When a person with a food allergy eats that food — or sometimes even comes into contact with it — their immune system releases a flood of antibodies called IgE. These antibodies attach themselves to certain cells, triggering a systemwide reaction. Xolair is an antibody drug that acts as a sponge, binding to IgE antibodies and preventing them from latching onto these cells.
“The drug’s ability to do this is finite,” however, Gupta said. For that reason, the drug is meant to prevent reactions to small accidental exposures to allergic foods rather than allowing a person to indulge in them.
Marqueling and Wang don’t know whether Liam, now 5, got the actual drug or the placebo during the clinical trial.
Now, however, he can tolerate small amounts of peanuts and tree nuts, so they believe it was the real thing.
The trial has changed their experience as parents.
“We have this extra layer of comfort knowing that he is protected in these accidental exposures that mom and dad can’t always be around for,” Wang said.
Expanding access
Xolair isn’t meant for everyone with food allergies. It only works for people whose food allergies are Type I, meaning the person always produces IgE antibodies when they are exposed to the food they are allergic to, and it isn’t always effective — 20% of the people in the study were not able to tolerate even small amounts of their trigger foods even when taking the medication.
All experts stressed that people taking the drug should still be cautious.
“I think it will help mitigate fear and anxiety, but definitely still avoid the allergen and carry an EpiPen,” said Dr. Asal Gharib Naderi, an allergist and immunologist at Keck Medicine at the University of Southern California who wasn’t involved with the trial.

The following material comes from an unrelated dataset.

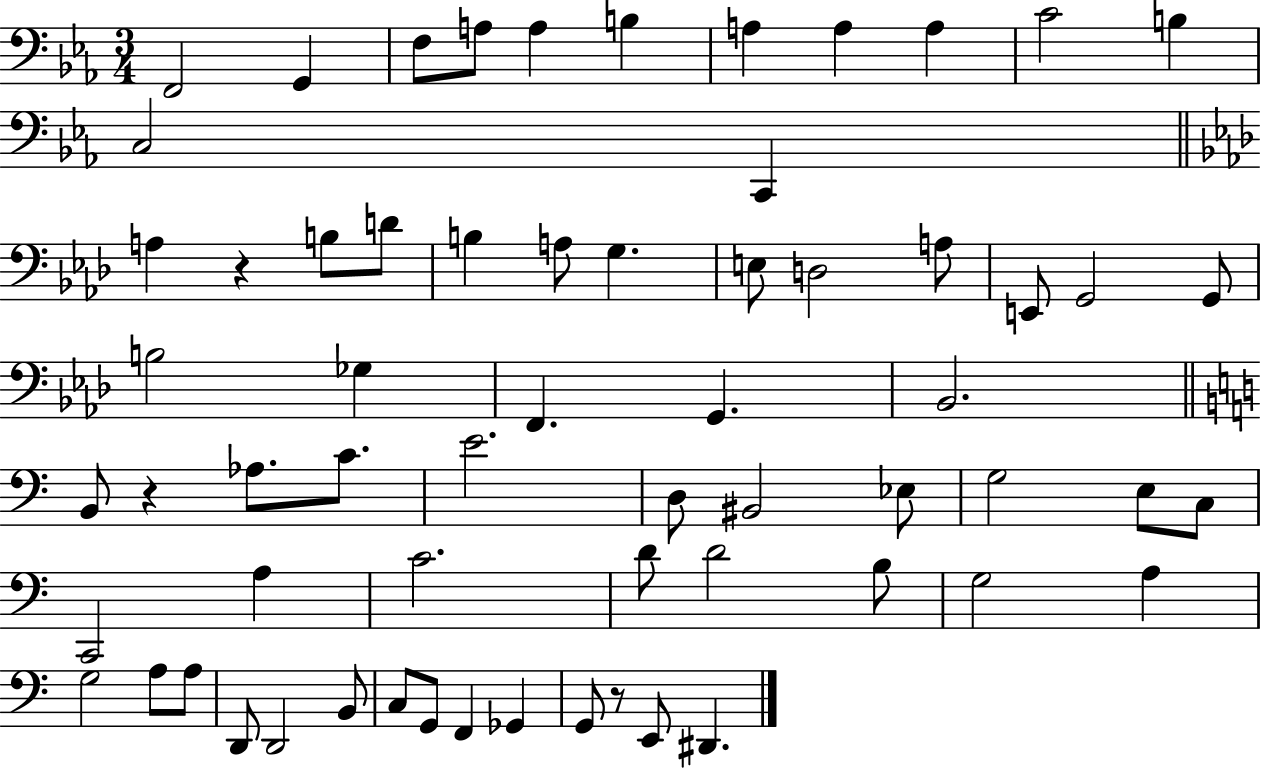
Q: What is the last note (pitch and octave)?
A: D#2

In rare instances, people can go into anaphylactic shock after taking Xolair, but Gharib Naderi said this typically happens when people are starting on the drug, usually within the first three doses. These early doses are given in a doctor’s office, where the patient can be monitored for a reaction. Later doses can be taken at home.
A spokesperson for drugmaker Genentech said the estimated monthly list price of Xolair is around $2,900 for children and $5,000 for adults. The actual out-of-pocket cost to patients is typically lower, the spokesperson said, based on insurance and other financial assistance programs.
While Xolair could previously be prescribed off-label for food allergies, insurance companies rarely cover off-label uses. With the FDA’s expanded approval, doctors hope insurance companies will be more likely to cover it for food allergies.
“I don’t want a drug like this to increase the disparities we already see in food allergies,” Gupta said. “There are quite a few more treatments on the heels of Xolair, and we need to make sure those are accessible.”
It’s currently unclear how long someone would need to be on Xolair for food allergies, but that is the subject of additional research.
“This could potentially be a lifelong therapy,” Chinthrajah said.